Man könnte sich die Ewigkeitsklausel auch sparen, entschuldigen sie bitte meine Respektlosigkeit, und anstatt mit der aus der Regulierungswut resultierenden Relativierung auf ein aufgeblasenes Grundgesetz zu antworten, ein paar Grundregeln verbindlich verabschieden, die niemand schützen muss, weil sich ihnen alle anderen Regeln und Gesetze unterordnen müssen.
Allerdings möchte ich noch bemerken, über keinen juristischen Sachverstand zu verfügen. Nichts desto trotz ist mir das wiederkehrende Thema der ethischen Betrachtung von positivistischen Fragen und ihre unzulängliche Lösung mittels ethischer Begründungen, nur zu gut bewusst. Eigentlich brauch ich dazu nur den Fernseher einzuschalten. Ich interessiere mich trotzdem für die unterschiedlichen ethischen Ansätze, z.B. ob ich das Ergebnis meiner Handlung beurteile oder die Intention die der Handlung voranging.
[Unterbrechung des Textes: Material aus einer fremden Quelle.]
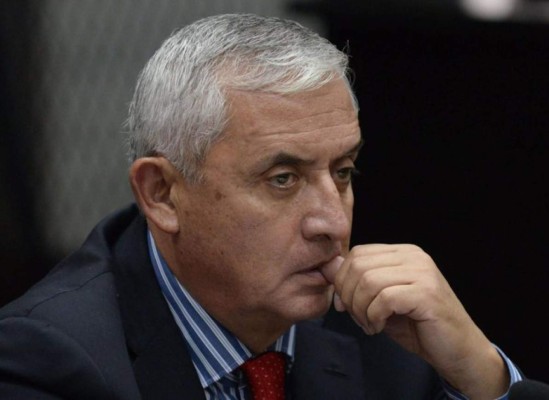 Este martes se define futuro de Otto Pérez acusado de corrupción&nbsp;&nbsp;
Viele Grüße, Erling Plaethe

Meister Petz Offline




Beiträge: 3.923

07.09.2011 22:23
#64 RE: Herrschaft des Rechts Antworten

Zitat von Erling Plaethe
Ein laxer Umgang mit Regeln muss einen also nicht davon abhalten, dem Ziel weiter zu folgen, gesetzestreuer zu werden auch wenn man sich gut genug kennt und davon ausgehen kann niemals in seinem Leben die Strassenverkehrsordnung 100% einzuhalten.

Ich habe ja einige Ziele im Leben, aber das gehört bestimmt nicht dazu..ich bekenne mich auch offen dazu, gerade in unserem überregulierten Gemeinwesen die Furcht vor Strafe in vielen Fällen für einen ausreichenden Grund zu halten, ein Gesetz zu befolgen, ohne mich deswegen für einen amoralischen Menschen zu halten. Das gilt übrigens nicht nur für staatliche Gesetze, sondern auch z. B. für Regeln am Arbeitsplatz. Ich arbeite in einem Team, wo einige Teammitglieder ein geradezu erschreckendes Bedürfnis nach Regeln haben und die Vorgesetzten dem auch nachkommen. Die meisten dieser Regeln halte ich für völlig unnötig und einschränkend, aber ich kann es nicht ändern. Also halte ich mich halt dran, wenn ich nicht auskomme und strapaziere sie, bis ich an eine Grenze stoße. Aber niemand kann von mir verlangen, dass ich die Regel mit heißem Herzen befolge, nur weil sie existiert. Und so ist es m. E. mit den Gesetzen auch. Ich kann nicht vom Staat verlangen, dass er nur Regeln macht, die meinem Privatempfinden entsprechen, umgekehrt kann der Staat keinen Gehorsam aus Überzeugung von mir verlangen.

Zitat von Erling Plaethe
Vielleicht habe ich sie missverstanden, aber ich hatte herausgehört: "Wer ohne Sünde ist, werfe den ersten Stein."

Nein, überhaupt nicht. Ich plädiere lediglich dafür, dass die "Gesetzesbrecher" nicht eine höhere Moral als Vorwand benutzen und die "Regulierer" sich nicht als Pädagogen aufspielen, die den Pöbel im Sinne der selben Moral vor sich selber schützen. Wenn Sie so wollen, plädiere ich für einen möglichst sparsamen Einsatz von Moral in Recht und Politik.

Gruß Petz

Erling Plaethe Offline




Beiträge: 4.660

07.09.2011 22:38
#65 RE: Herrschaft des Rechts Antworten

Zitat von Meister Petz
Ich plädiere lediglich dafür, dass die "Gesetzesbrecher" nicht eine höhere Moral als Vorwand benutzen und die "Regulierer" sich nicht als Pädagogen aufspielen, die den Pöbel im Sinne der selben Moral vor sich selber schützen. Wenn Sie so wollen, plädiere ich für einen möglichst sparsamen Einsatz von Moral in Recht und Politik.


Ich auch, da kann ich ihnen nur voll und ganz zustimmen!